Web page caption snippets
__________________________________________________
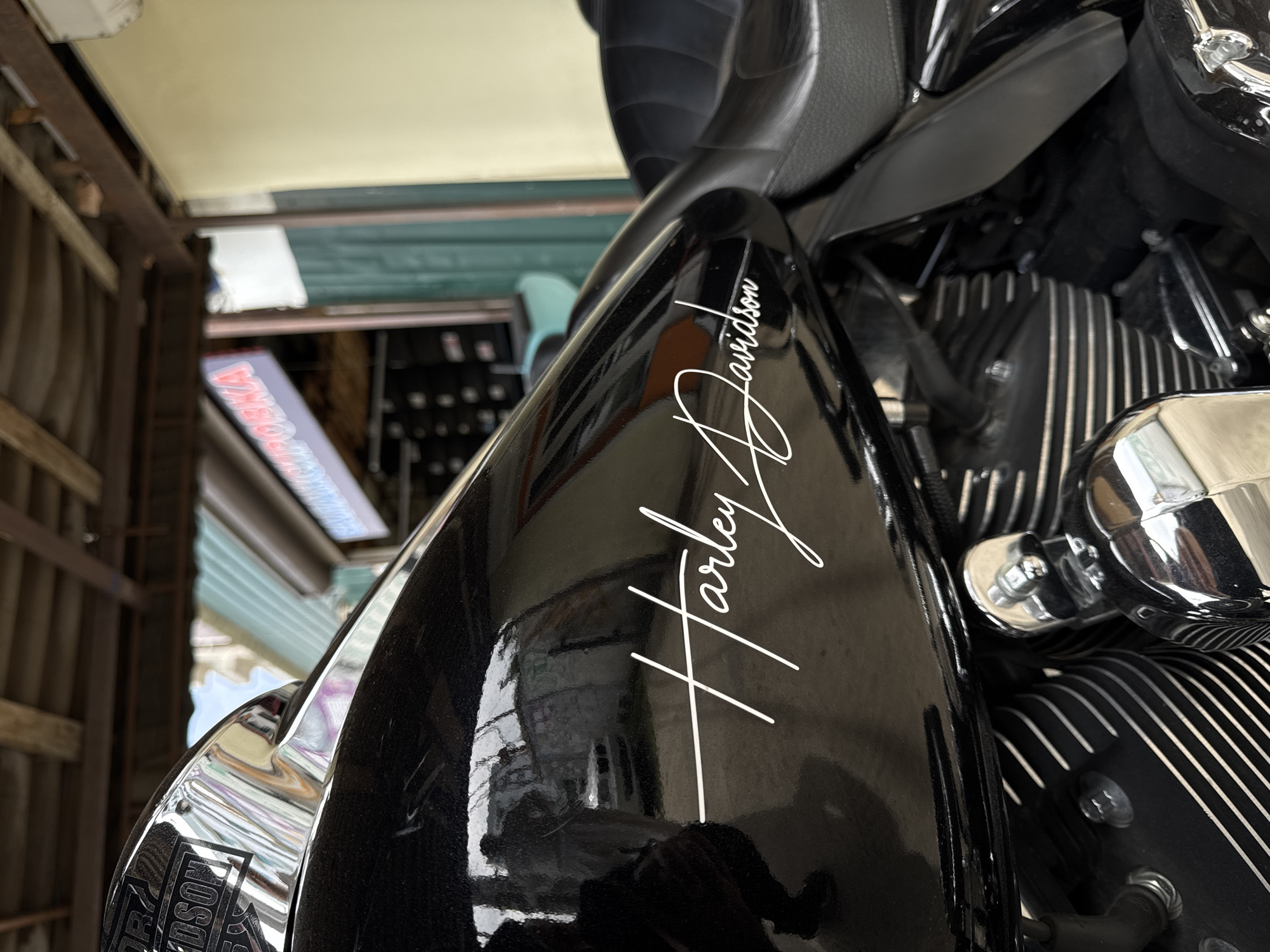 The image shows a close-up of a black Harley-Davidson motorcycle, with the iconic Harley-Davidson logo prominently displayed. The shot is taken in an urban environment, with glimpses of buildings and structures visible in the background. A store front in Krasnodar with a sign is partially visible. The motorcycle is the central subject, with its glossy black finish and chrome accents reflecting the surrounding environment. The angle suggests the photo was taken from a slightly elevated position. The overall impression is one of urban life and motorcycle culture.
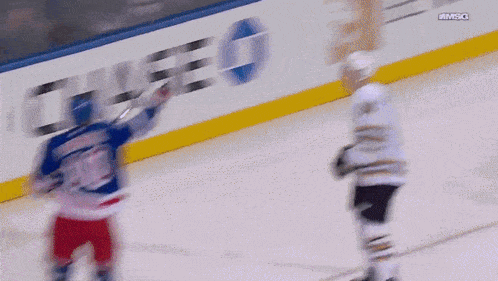 a hockey player with the number 10 on his jersey stands on the ice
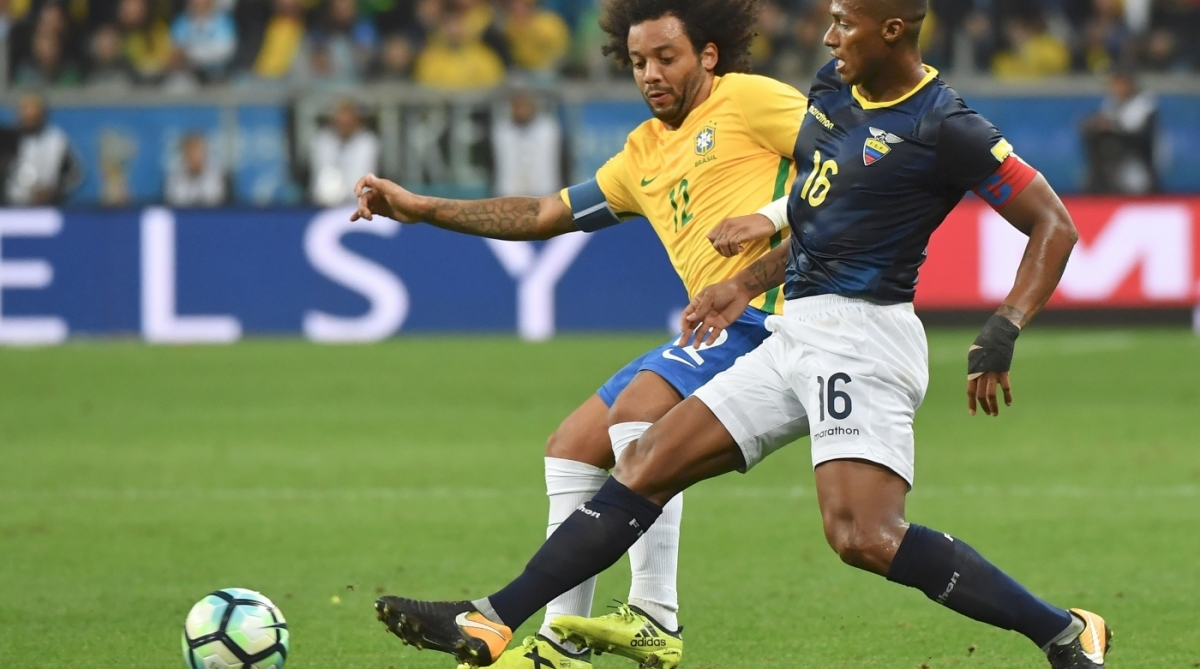 Brazil's Marcelo and Ecuador's Antonio Valencia vie for the ball during their 2018 World Cup qualifier football match in Porto Alegre, Brazil, on August 31, 2017. / AFP PHOTO / NELSON ALMEIDA -  AFP PHOTO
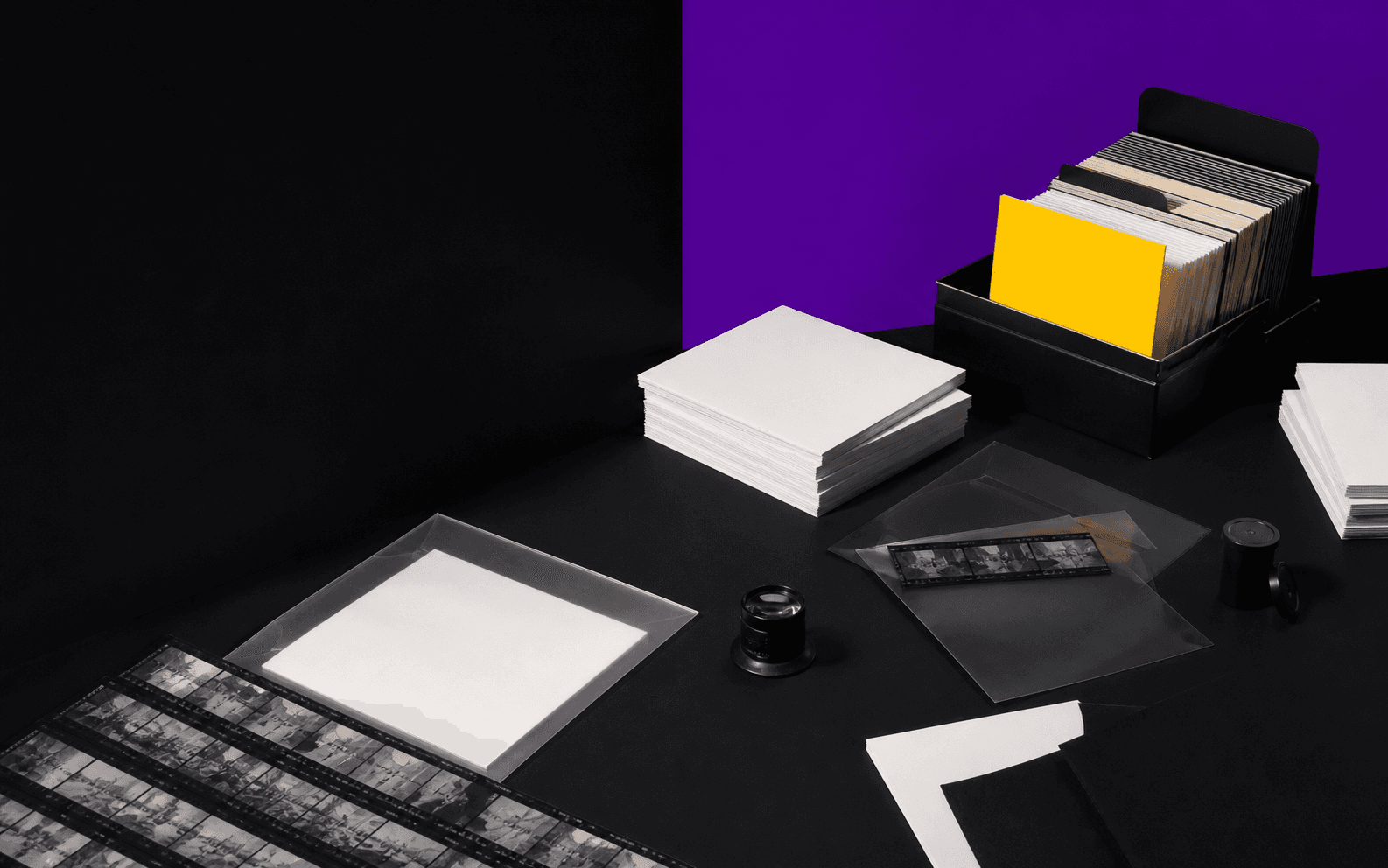 Cultural archive of paper and film representing durable media ownership.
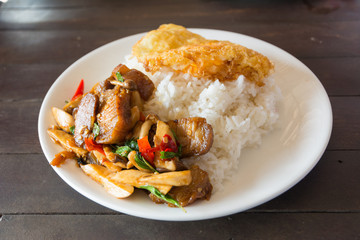 Pork fried rice with basil on wood table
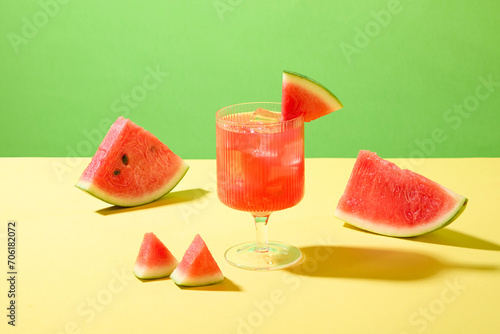 Close-up of a glass of watermelon juice with ice. The amount of water in watermelon has the effect of neutralizing gastric juice, thereby reducing the risk of epigastric pain.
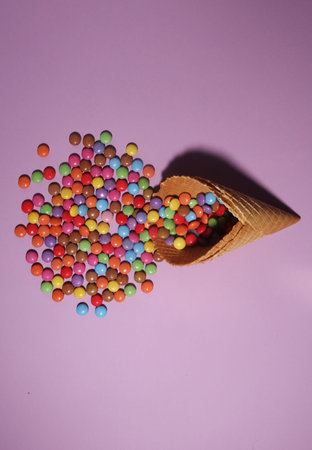 Ice cream waffle cone and scattering of multicolored sweets and confectionery topping on color...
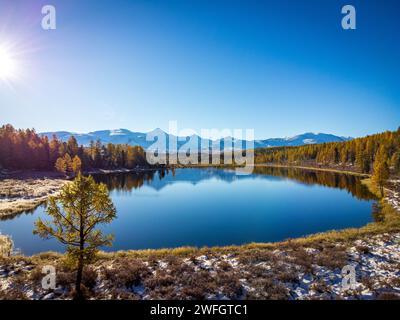 Une superbe prise de vue aérienne capture un lac de montagne serein avec des reflets d'arbres d'automne sous un ciel bleu clair. Banque D'Images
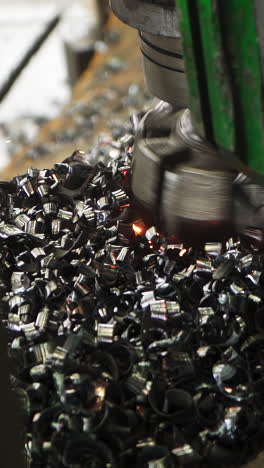 close-up of metal shavings and sparks from machining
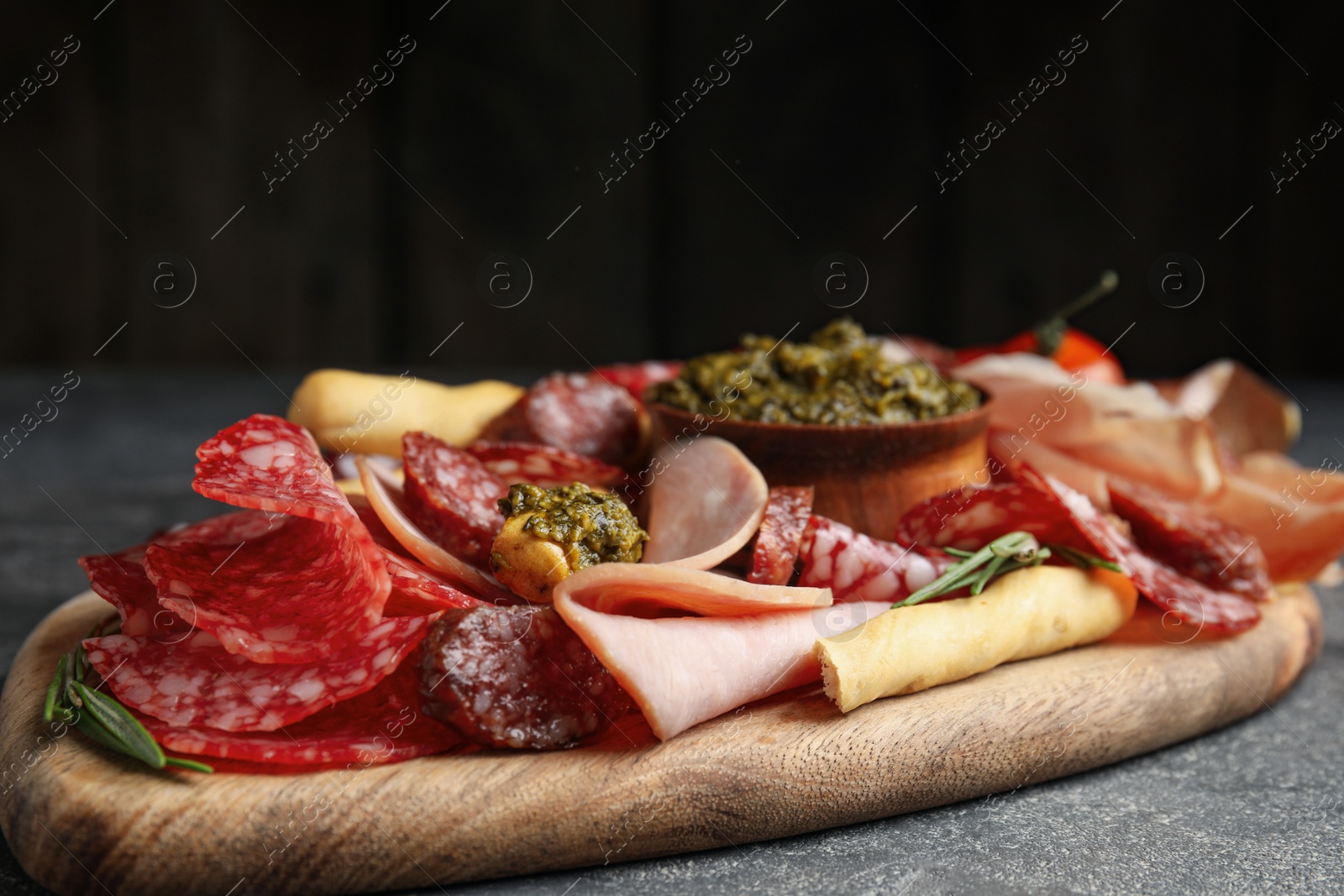 Photo of Tasty ham and other delicacies served on grey table, closeup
__________________________________________________
*What the exercise asks*: Each line from the one containing "Une superbe prise" down to the final line of the records above must be reproduced exactly; no pictures go into the copy.

*Output for this exercise*:
 Une superbe prise de vue aérienne capture un lac de montagne serein avec des reflets d'arbres d'automne sous un ciel bleu clair. Banque D'Images
 close-up of metal shavings and sparks from machining
 Photo of Tasty ham and other delicacies served on grey table, closeup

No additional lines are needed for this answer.